### Exercise data
*** Begin section ***

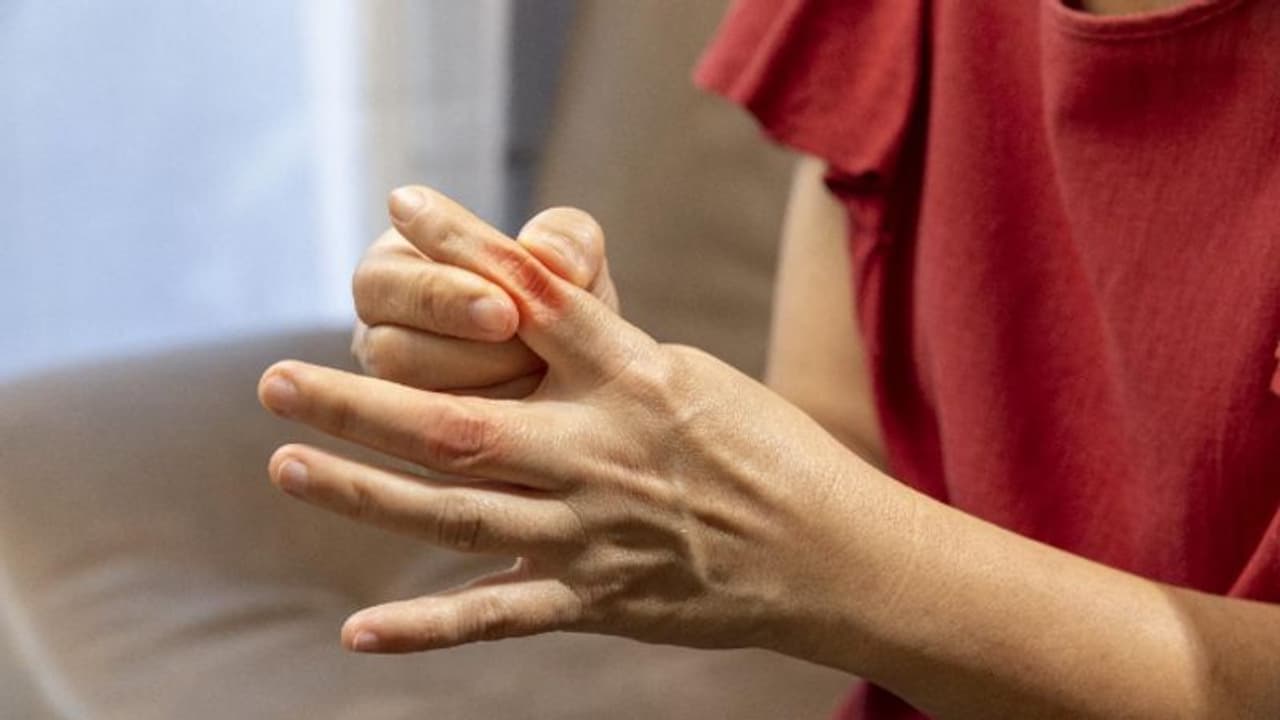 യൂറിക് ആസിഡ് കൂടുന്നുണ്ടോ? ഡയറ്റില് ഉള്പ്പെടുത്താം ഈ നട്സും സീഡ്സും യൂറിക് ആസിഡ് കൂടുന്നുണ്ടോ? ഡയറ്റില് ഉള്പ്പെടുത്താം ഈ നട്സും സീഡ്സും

*** End section ***
*** Begin section ***

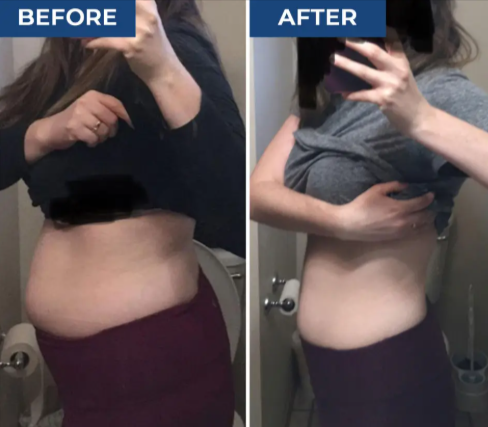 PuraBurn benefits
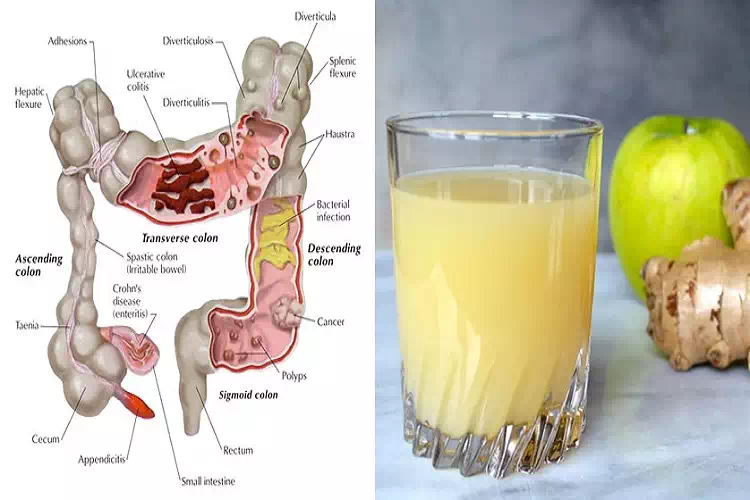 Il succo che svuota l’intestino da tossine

*** End section ***

### Exercise details
In the data above, find the line with "PuraBurn benefits" and the line with "Il succo che svuota l’intestino da tossine". Please copy exactly those two lines and every line between them, but not the pictures.

### Written answer
 PuraBurn benefits
 Il succo che svuota l’intestino da tossine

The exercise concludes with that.